Valuation score: 4.2

  • Bausch Health Companies Inc. reported losses, so valuating it in relation to earnings is meaningless. It happens to be last-in-rank when measured against competitors.
  • Price-to-Tangible-Book-Value is a fairly complex metric. Run again in analytical mode if you're interested in a technical explanation. It remains a disappointment compared to peers.
  • In the past twelve months, the company generated some free funds in relation to the stock price, which stands somewhat better than similar companies.
  • The company usually generates reasonably more than enough genuine funds to cover up for its business needs. Surplus cash may be used to repay loans, to eventually buy new businesses, or to reward investors. Considering the financial position and stock price, the current valuation might be fair. It's still more than average in relation to industry firms.
  • In the past twelve months, the company hasn't rewarded investors, considering both dividends and share on the pie of earnings. It came up in good shape compared to peer ventures.
  • The company is drowned in loans. It almost belongs more to the creditors than the stockholders. The situation may be dire. It looks bottom tier against similar enterprises.
  • Considering the past twelve months, traditional Price-to-Earnings relation has been negative, as the company lost money. It ranks last-in-rank when measured against peer companies.
  • Comparing the current stock price with the past twelve-months revenues gives a very low relationship. One common cause includes profitability being very poor. It looks excellent in relation to rival firms.
  • There's no accounting equity, which may be good or bad depending on context. Run again in analytic mode if you want to dig deeper. The company remains bottom tier against peer firms.
  • In the past twelve months, the operating business earned little money when compared to the current stock price and financial position. It happens to be more than average in relation to industry peers.
  • In an alternate metric of bang for the buck, the company has usually shown a modest earnings power ability when measured against the current stock price and financial position. It's still in good shape compared to peer companies.

Total score: 4.0


BHC logos

Company at a glance: Bausch Health Companies Inc. (BHC)

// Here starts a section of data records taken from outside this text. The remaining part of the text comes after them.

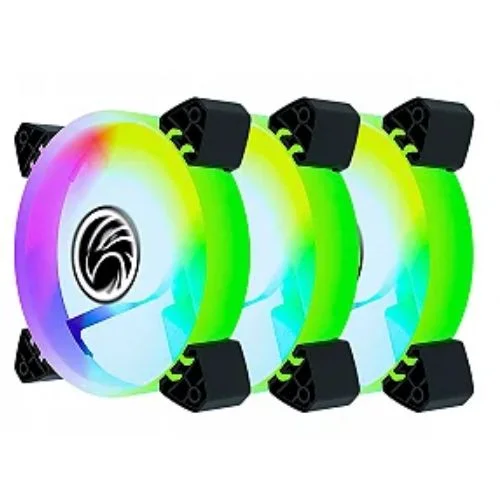 Kit Cooler P/ Gabinete 12x12 Brazilpc Bpc-kcl-slim-aRGB-3 RGB/hub/cont 4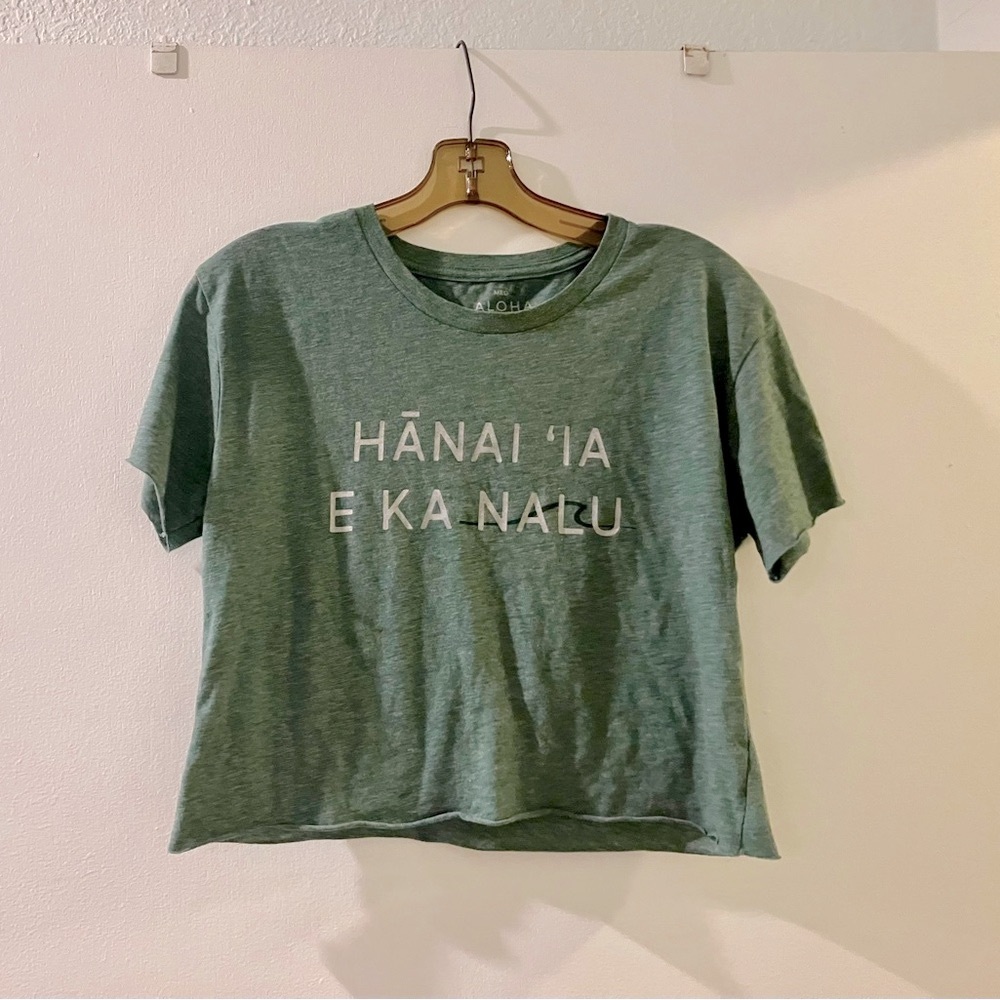 Hanai Ia E Ka Nalu (Raised by the Waves) Cropped T-Shirt
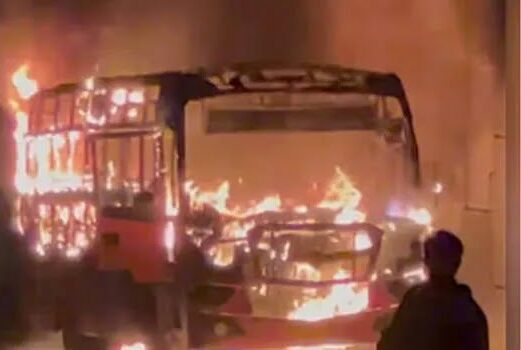 കെഎസ്ആർടിസി ബസ് കത്തിനശിച്ചു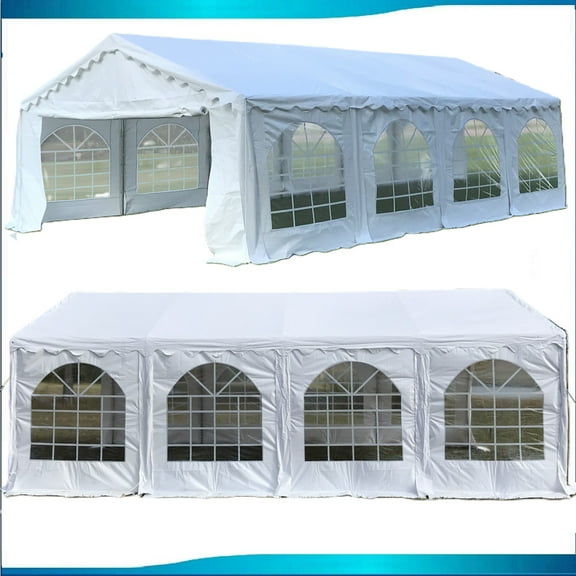 26'x20' Budget PVC Party Tent Wedding Canopy Shelter - White - By DELTA Canopies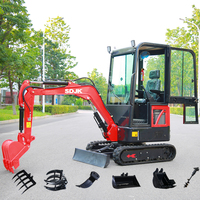 Mini Hydraulic Crawler Excavator for Sale, Micro Digger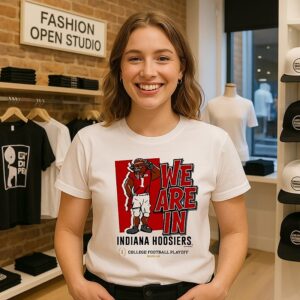 Indiana Hoosiers 2025 Cfp Bound We Are In Mascot T-Shirt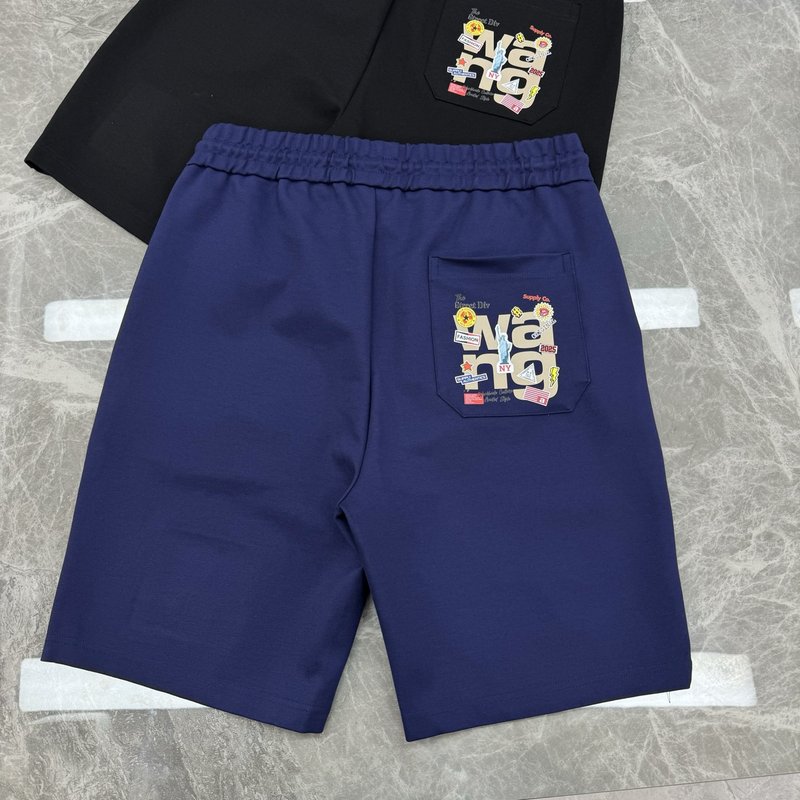 알렉산더왕 면혼방 하프팬츠 001-258157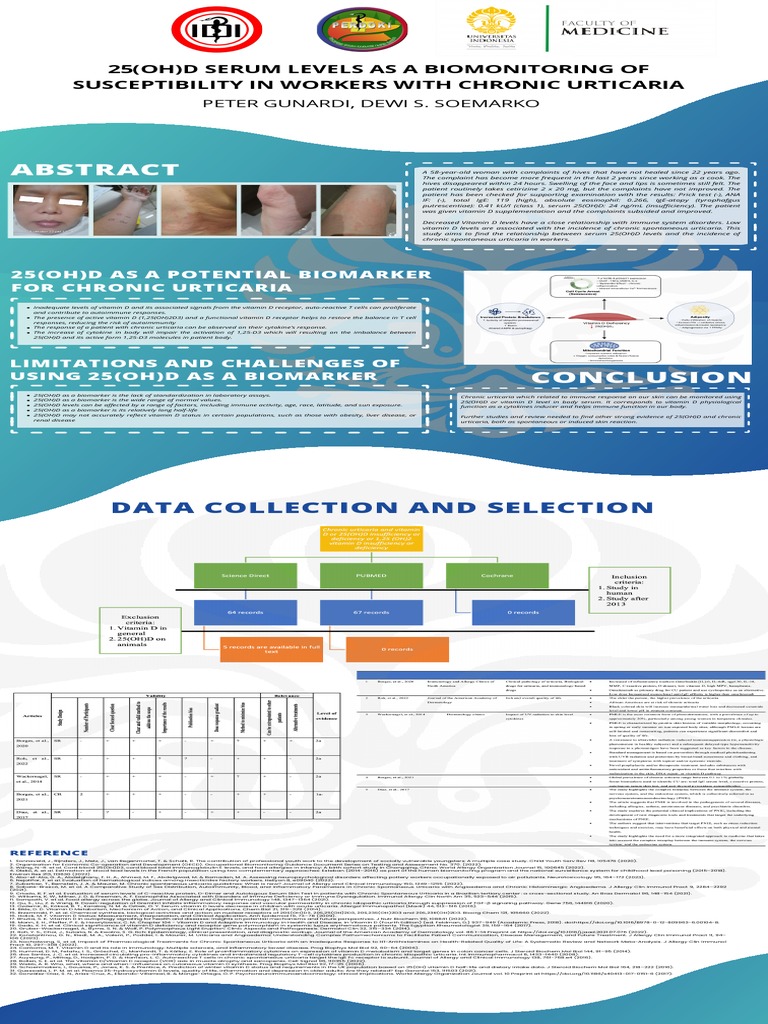25 (Oh) D Serum Levels As A Biomonitoring of Susceptibility in Workers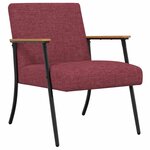 vidaXL fauteuil Bordeaux 59 x 75 x 78 cm tissu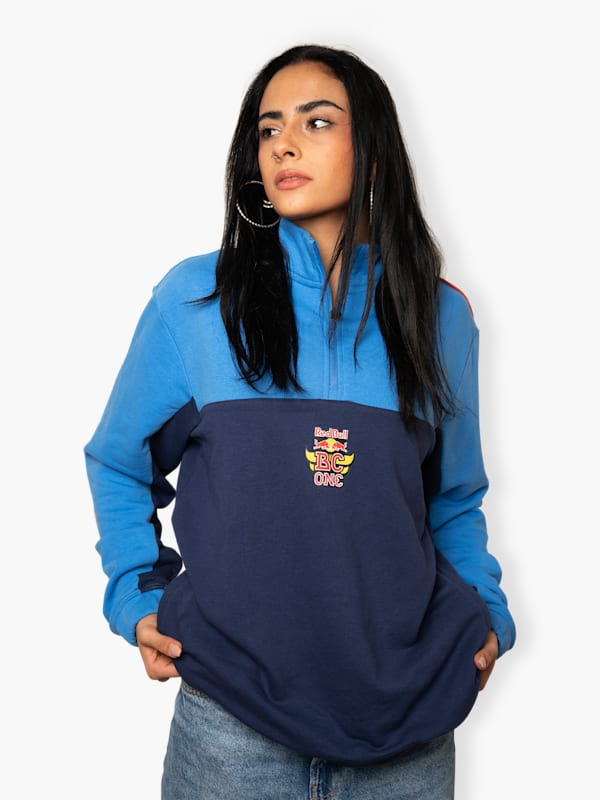 Felpa mezza zip Red Bull BC One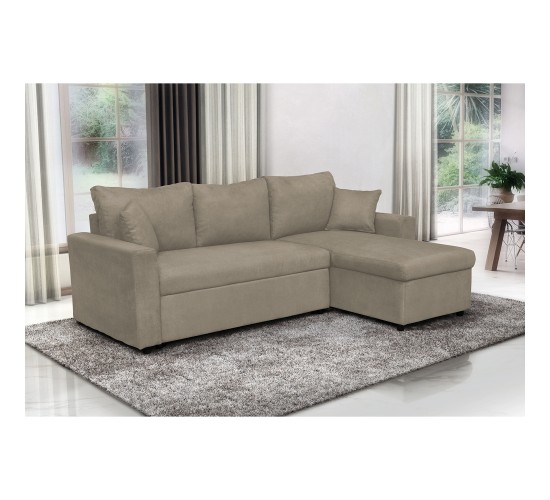 Καναπές Γωνιακός ArteLibre Αναστρέψιμος ULUA Μπεζ 225x148x81cm Καναπές Γωνιακός ArteLibre Αναστρέψιμος ULUA Μπεζ 225x148x81cm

Sector, industry: Healthcare, Drug Manufacturers—Specialty & Generic

Market Cap: 2.72 billions

Revenues TTM: 8.32 billions

Bausch Health Companies Inc., together with its subsidiaries, develops, manufactures, and markets a range of pharmaceutical, medical device, and over-the-counter (OTC) products primarily in the therapeutic areas of eye health, gastroenterology, and dermatology. The company operates through five segments: Bausch + Lomb, Salix, International Rx, Ortho Dermatologics, and Diversified Products. The Bausch + Lomb segment offers products with a focus on the vision care, surgical, and consumer, surgical, and ophthalmic pharmaceuticals products. The Salix segment provides gastroenterology products in the United States. The International Rx segment offers Solta products, branded and generic pharmaceutical products, OTC products, and medical device products, and Bausch + Lomb products in Canada, Europe, Asia, Australia, Latin America, Africa, and the Middle East. The Ortho Dermatologics segment provides dermatological products in the United States; and Solta medical aesthetic devices internationally. The Diversified Products segment offers pharmaceutical products in the areas of neurology and other therapeutic classes, as well as generic and dentistry products in the United States. The company was formerly known as Valeant Pharmaceuticals International, Inc. and changed its name to Bausch Health Companies Inc. in July 2018. Bausch Health Companies Inc. is headquartered in Laval, Canada.

Awarener score: 5.9

Conclusion

The higher the Awarener score, the more bang you get for the buck. It measures how much genuine funds the company generates for the stock price paid (Average), the business stability (Superb) and growth (Very poor), and the company's inclination to return cash to the stockholders (Average).